I watched as the waiter returned and set a glass of ice down in front of him.
“What do you say, Lachlan,” asked Kylie, as he began crunching on the cubes in front of him. “Thank you,” he said to the departing server.
A fondness for ice, odd as it may seem to some, is a result of Lachlan’s Sensory Processing Disorder, which is on the Autism Spectrum. And this habit is perhaps the most benign of the heart-wrenching challenges he has had to face.
“He doesn’t know how to control his senses,” explained his father, Steve Johnson, the Golf Superintendent at Al Mouj Golf. “If you are walking down a dark alley and are startled by a cat, you might get scared, but you will realise what it is and calm down, but he doesn’t have the facility to calm down.”
“We had to take him away from his own birthday party because he could not bear to hear the sound of the other children singing ‘Happy Birthday’ to him,” recalled Kylie. “His ears could not take the sound, and he would start screaming every time that happened.”
Lachlan’s challenges became apparent only after the couple had moved to Oman, making the situation more difficult to navigate.
“We had him enrolled in pre-school here, and then we realised that he wasn’t progressing as fast as his peers,” Kylie said. “Then, when we tried to get him enrolled in the local schools, they did not have the facilities (at the time), so we had to home-school him. It was really hard to do, because we were expatriates and weren’t allowed to hire anyone full time to look after him.”
Fortunately for families in Oman struggling with an autistic family member, help arrived in the form of the Association of Early Intervention for Children with Disabilities. “If you have a child with a disability, the entire family needs to work together and support each other,” explained Sabah Al Bahlani, the head of the association.
His mother and father have done their best to create a normal, safe environment for their son. “He perceives senses differently to us,” Steve continued. “He loves his food cold, which is why he loves eating so much ice.

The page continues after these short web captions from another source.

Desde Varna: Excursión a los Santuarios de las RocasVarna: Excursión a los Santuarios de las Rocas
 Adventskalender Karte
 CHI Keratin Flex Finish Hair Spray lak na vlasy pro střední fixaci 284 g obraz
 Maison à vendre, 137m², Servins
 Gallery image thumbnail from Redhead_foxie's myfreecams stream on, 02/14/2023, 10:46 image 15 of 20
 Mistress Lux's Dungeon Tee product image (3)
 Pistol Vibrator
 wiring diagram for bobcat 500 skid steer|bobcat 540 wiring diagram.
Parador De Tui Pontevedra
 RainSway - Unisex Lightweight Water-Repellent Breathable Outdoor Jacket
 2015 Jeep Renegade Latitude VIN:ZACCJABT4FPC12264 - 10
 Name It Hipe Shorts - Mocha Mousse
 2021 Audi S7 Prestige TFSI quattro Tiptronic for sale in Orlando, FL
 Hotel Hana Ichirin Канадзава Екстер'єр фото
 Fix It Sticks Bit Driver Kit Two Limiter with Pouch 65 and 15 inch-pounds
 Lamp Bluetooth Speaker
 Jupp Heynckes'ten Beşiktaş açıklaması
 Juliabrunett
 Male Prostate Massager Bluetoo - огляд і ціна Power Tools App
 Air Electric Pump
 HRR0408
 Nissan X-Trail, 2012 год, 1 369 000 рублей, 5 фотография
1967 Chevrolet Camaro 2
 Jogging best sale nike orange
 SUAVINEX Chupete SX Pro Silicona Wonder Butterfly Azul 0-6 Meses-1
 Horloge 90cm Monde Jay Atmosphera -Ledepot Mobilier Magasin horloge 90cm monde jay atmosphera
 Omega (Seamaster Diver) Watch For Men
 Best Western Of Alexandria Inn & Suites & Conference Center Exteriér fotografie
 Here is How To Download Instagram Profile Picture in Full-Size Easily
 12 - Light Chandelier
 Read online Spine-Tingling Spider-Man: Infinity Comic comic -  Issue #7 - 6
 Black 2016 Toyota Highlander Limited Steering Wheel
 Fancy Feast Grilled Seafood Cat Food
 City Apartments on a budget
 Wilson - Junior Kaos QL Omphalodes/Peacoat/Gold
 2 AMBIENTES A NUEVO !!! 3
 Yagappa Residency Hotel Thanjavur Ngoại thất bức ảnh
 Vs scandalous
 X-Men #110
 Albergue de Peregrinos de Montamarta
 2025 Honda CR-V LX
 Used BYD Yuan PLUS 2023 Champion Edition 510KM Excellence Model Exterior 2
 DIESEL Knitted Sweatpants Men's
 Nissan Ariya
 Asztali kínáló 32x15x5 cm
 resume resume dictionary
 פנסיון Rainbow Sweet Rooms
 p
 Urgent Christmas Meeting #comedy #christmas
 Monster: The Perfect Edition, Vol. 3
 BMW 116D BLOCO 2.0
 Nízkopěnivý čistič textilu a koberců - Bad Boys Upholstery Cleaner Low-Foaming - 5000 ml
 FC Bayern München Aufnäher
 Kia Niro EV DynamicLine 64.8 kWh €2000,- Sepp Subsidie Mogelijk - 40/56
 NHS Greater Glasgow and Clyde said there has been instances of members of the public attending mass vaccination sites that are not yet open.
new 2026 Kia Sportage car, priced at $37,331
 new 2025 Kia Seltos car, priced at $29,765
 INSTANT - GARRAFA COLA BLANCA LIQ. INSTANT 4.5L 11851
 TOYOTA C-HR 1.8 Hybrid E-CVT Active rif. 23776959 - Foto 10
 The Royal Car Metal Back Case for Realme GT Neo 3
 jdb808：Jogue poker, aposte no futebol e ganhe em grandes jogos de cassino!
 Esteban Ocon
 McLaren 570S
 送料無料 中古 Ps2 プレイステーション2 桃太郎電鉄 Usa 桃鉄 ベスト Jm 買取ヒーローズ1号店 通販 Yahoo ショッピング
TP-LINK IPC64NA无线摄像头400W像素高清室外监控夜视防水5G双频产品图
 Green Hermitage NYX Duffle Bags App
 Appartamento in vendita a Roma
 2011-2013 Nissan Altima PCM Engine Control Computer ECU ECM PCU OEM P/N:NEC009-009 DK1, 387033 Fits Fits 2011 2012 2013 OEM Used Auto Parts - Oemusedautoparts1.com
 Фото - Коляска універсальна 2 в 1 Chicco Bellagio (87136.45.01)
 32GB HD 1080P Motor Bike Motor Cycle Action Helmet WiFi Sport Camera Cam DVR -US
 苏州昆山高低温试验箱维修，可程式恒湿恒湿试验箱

To you and me, ice is not something you would snack on, but his brain does not register that ice is cold.”
“Whenever we go into a restaurant, we’ll call ahead and tell them what Lachlan wants or we’ll order for him first so that they can put it into a freezer and then we’ll order our meals so that we can eat together,” Kylie explained.
Sabah Al Bahlani is glad to see families like Lachlan’s, but worries that often they are the exception rather than the norm as many families still feel the sting of social stigma over disabilities. “This is changing in Oman, and especially younger parents are coming forward with their children for help, but there is still a stigma in our society.” She feels that creating a culture of tolerance for those with disabilities needs to start early. “Children and teachers in school need to be educated about children with disabilities to understand their limits so that they can learn to work with them.”
To give back to the community and help other families, three years ago the Johnsons began a programme in collaboration with Al Mouj Golf to raise funds for autism awareness in the region. Titled ‘Golf Fore Autism’, last November the event raised OMR14,000 to combat autism in the Sultanate.
“Lachlan has his own challenges, but he is doing so much better now,” said Steve. “Those who have autism can live a life like any other, and what we would like for him in the future is for him to contribute to society and pay his taxes.”
Lachlan is now enrolled in a school that has been specially created for those who suffer from conditions very similar to his, and not only is he doing well, but he is ahead of his peers.
As I bid adieu to his parents Lachlan jumped up and high-fived me, grinning with childish energy and positivity.